Structured extraction is one of the most important unlocks offered by foundation models. This is especially the case now that modern LLMs can reliably produce JSON-formatted outputs, which was not the case until recently.
Extraction is a decision problem...
But if models can reliably produce JSON outputs, what's left to solve? Why even discuss extraction models in the context of analytical work?
Well - if you've ever tried to use LLMs for structured extraction, you may have noticed that it's often more of a decision problem for the model than a pure information retrieval problem.
Let's use an example. Let's say we want to extract the company name from the following article title.
Apple to partner with OpenAI on new ChatGPT integration, per Bloomberg.
Not so simple. We'll probably need to be more specific: "Extract the company name from the article. If there are multiple companies listed, exclude any companies that are not the primary subject. If there are still multiple companies, choose the subjective pronoun in the title."
Now consider this article title:
Google, Apple, and Nvidia partner on new self-driving initiative.

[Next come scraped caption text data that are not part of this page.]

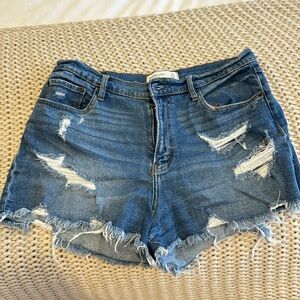 Abercrombie High rise shorts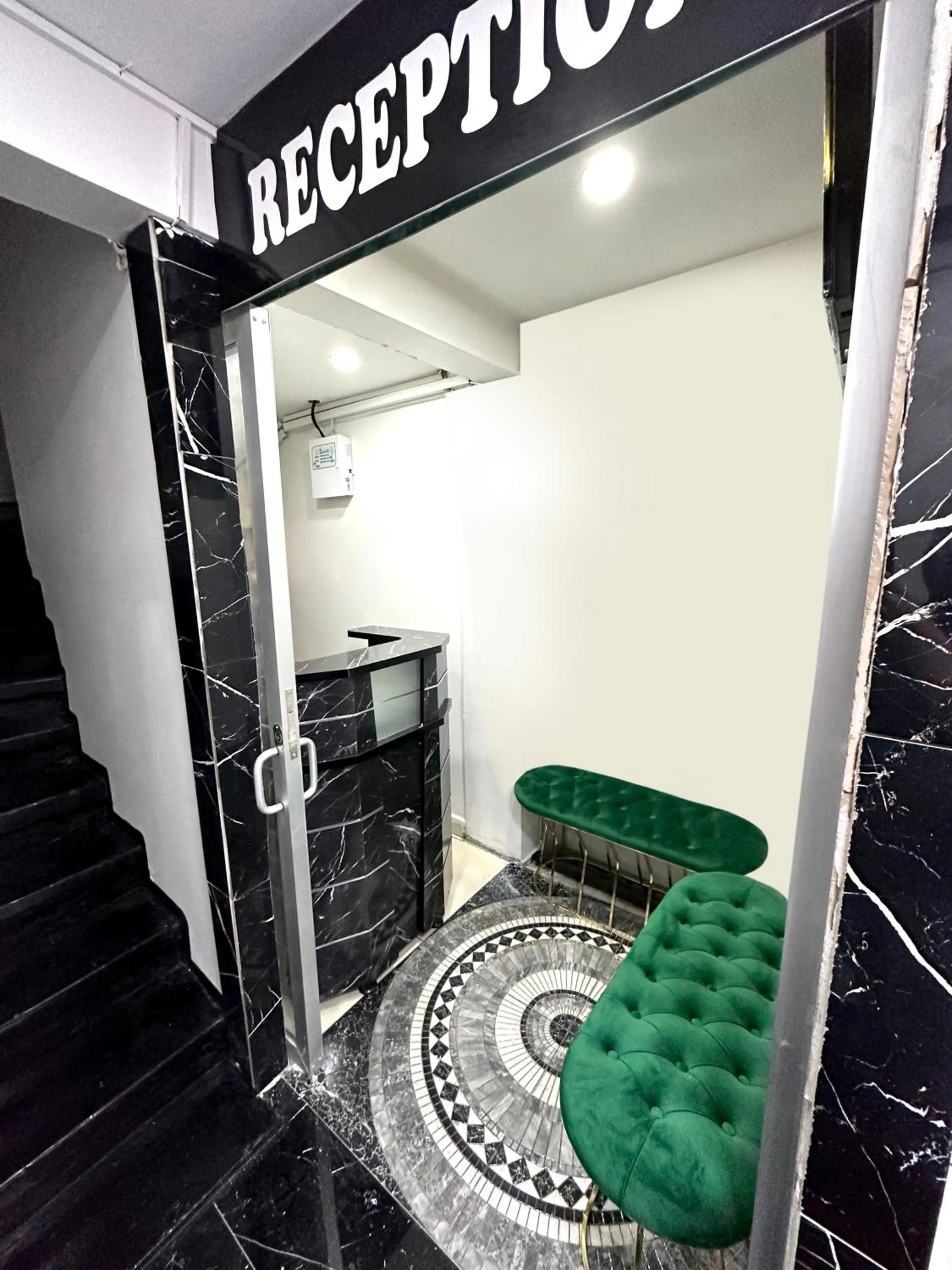 Lobby or reception in Menesa Hotel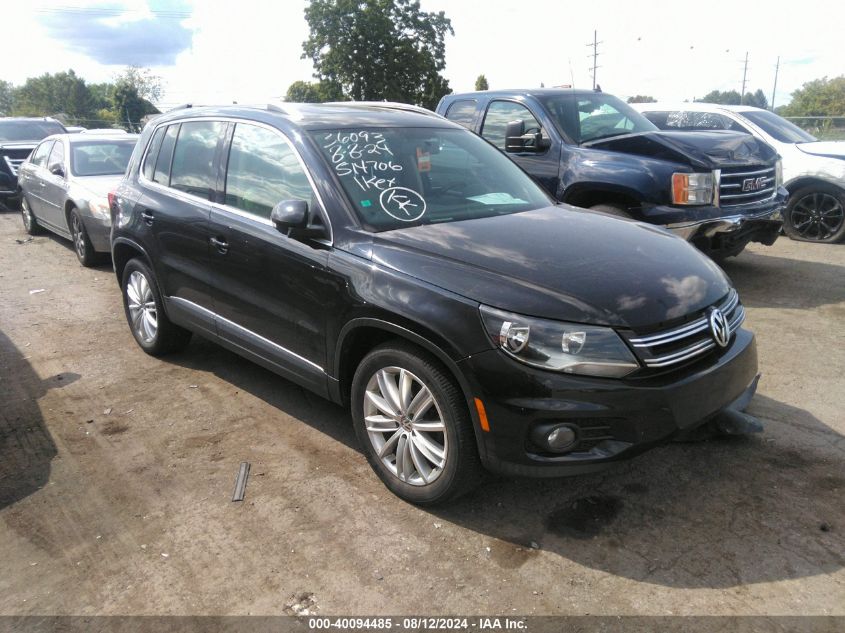 2015 VOLKSWAGEN TIGUAN SE - WVGBV7AX0FW514706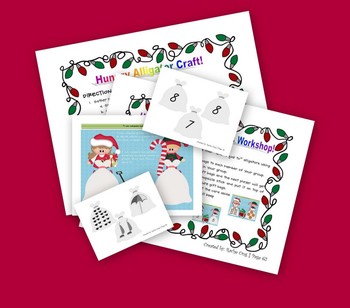 Preview of Christmas Math Activity K.CC.6 and K.CC.7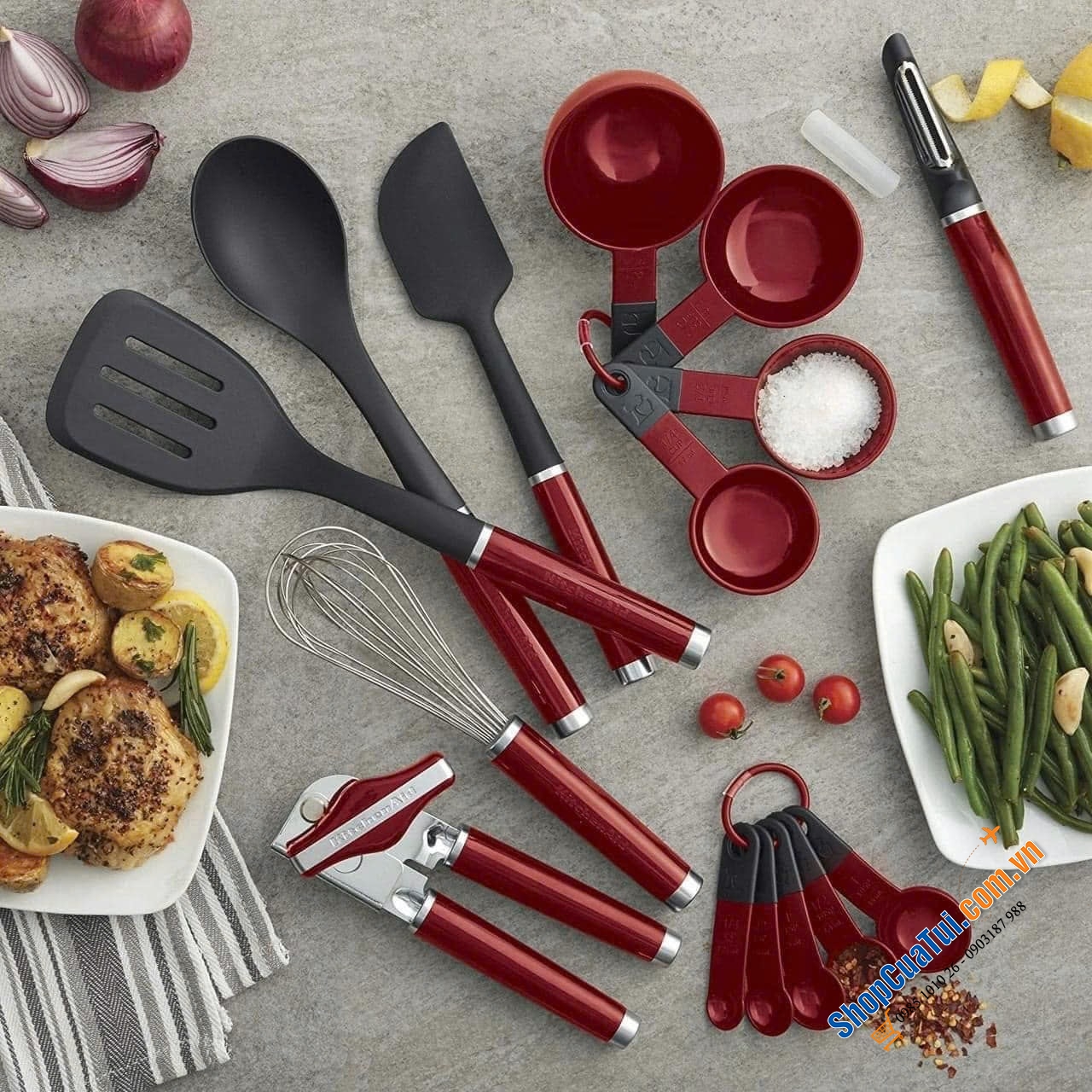 Bộ dụng cụ nhà bếp 15 món KitchenAid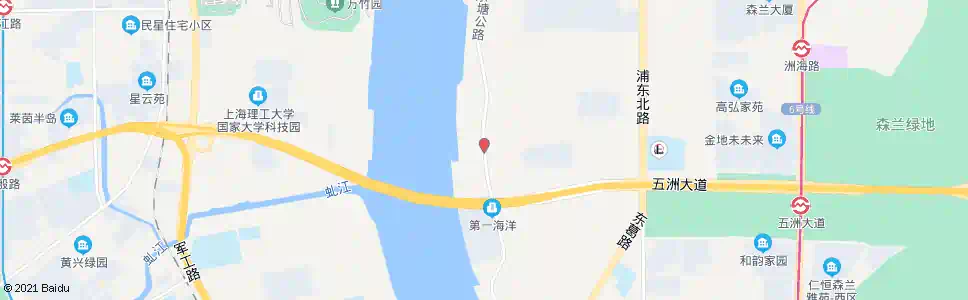 上海东塘路桂家村_公交站地图_上海公交_妙搜公交查询2025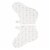 Earth Therapeutics Charcoal Gentle Peeling Foot Mask Perspective: top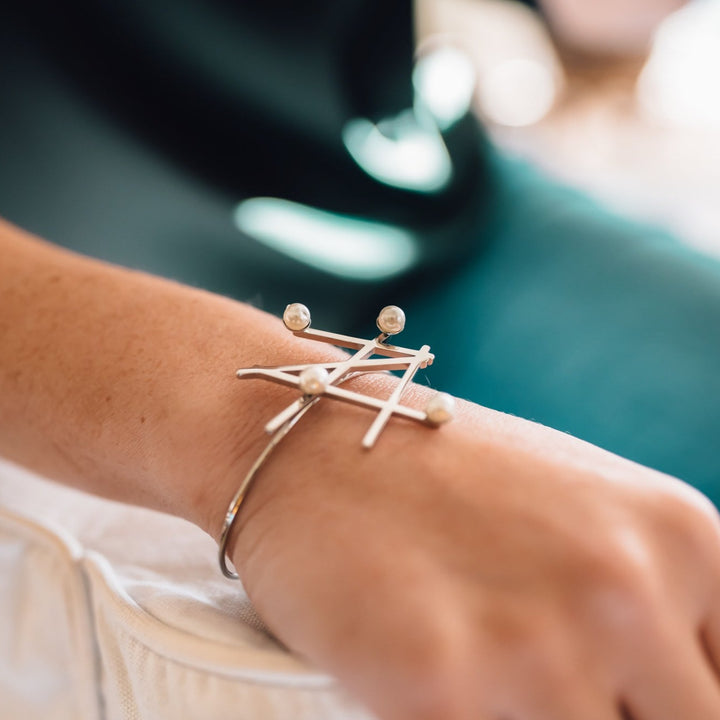 Aspen Cuff Bracelet in Silver
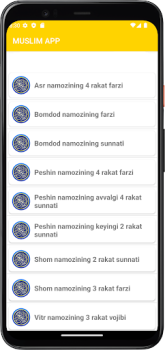 Scaricare namoz o'qishni Ayollar Uchun Musica e audio per Android Screenshot 5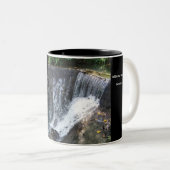 Das River Falls-Foto Zweifarbige Tasse (VorderseiteRechts)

Now we've found a new case that breaks our latest policy, and we need to refine again. We could go on and on with these examples, but the main point is that once again, we've realized that we're hit with another decision problem.
...and a parsing problem
There are many companies who handle PDF parsing and similar problems that primarily arise upstream of the decision problem. In the examples we used, it's simple plain text we feed into the LLM, but the extraction problem is still ambiguous. Good extractor design is mostly about constraining this ambiguity.
For the purposes of this guide, we assume that the input data can at least be understood by the decision model you're creating. We won't really cover parsing infrastructure in this guide, but may be able to recommend vendors or models that handle parsing reliably.